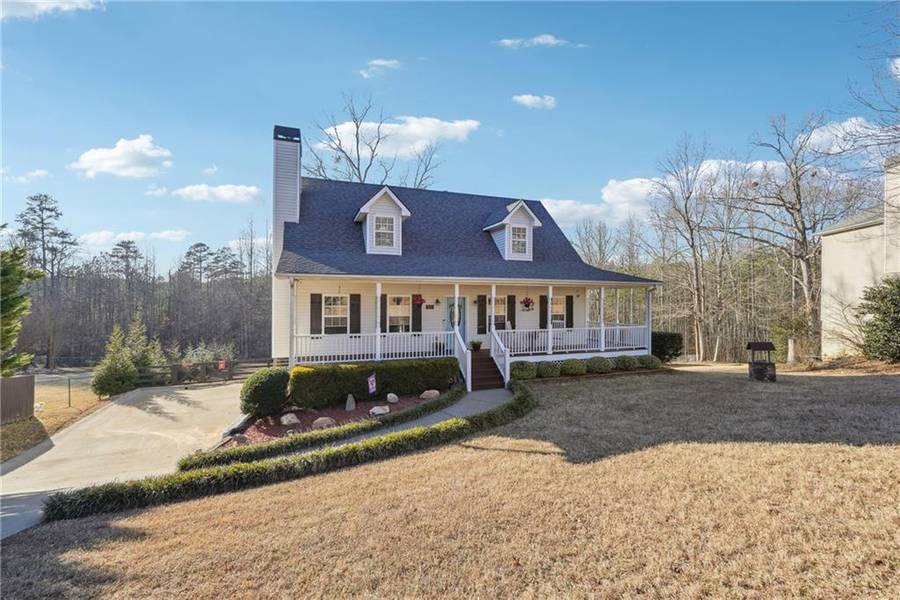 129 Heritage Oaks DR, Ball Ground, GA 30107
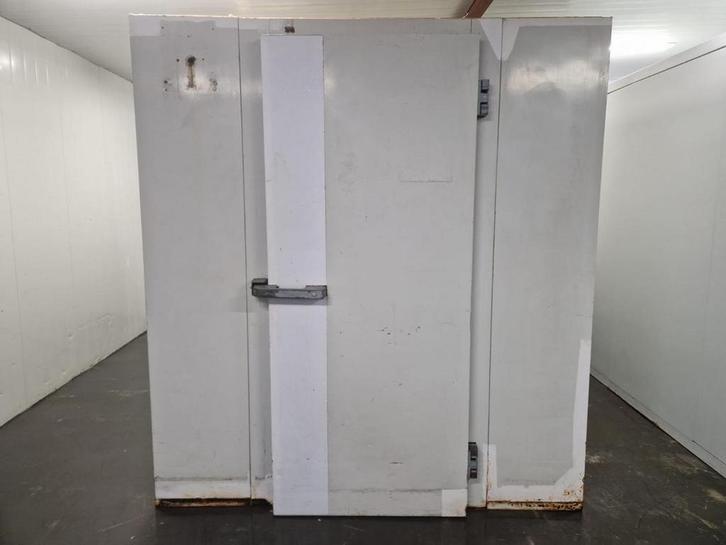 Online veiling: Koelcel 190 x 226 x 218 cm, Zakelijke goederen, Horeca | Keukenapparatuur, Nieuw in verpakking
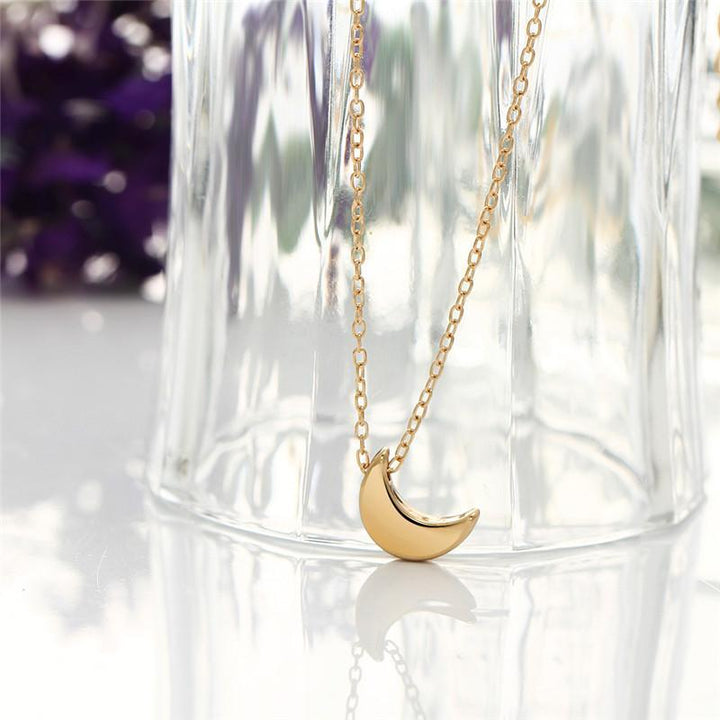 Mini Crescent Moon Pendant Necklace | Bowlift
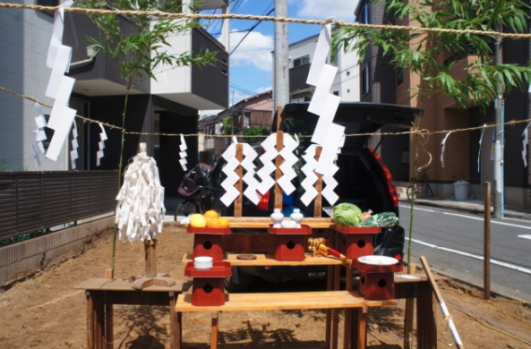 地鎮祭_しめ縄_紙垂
_ _ _ _ _
The whole listing should be retyped word for word; none of its pictures belong in the copy.

▸ TASK ANSWER
 129 Heritage Oaks DR, Ball Ground, GA 30107
 Online veiling: Koelcel 190 x 226 x 218 cm, Zakelijke goederen, Horeca | Keukenapparatuur, Nieuw in verpakking
 Mini Crescent Moon Pendant Necklace | Bowlift
 地鎮祭_しめ縄_紙垂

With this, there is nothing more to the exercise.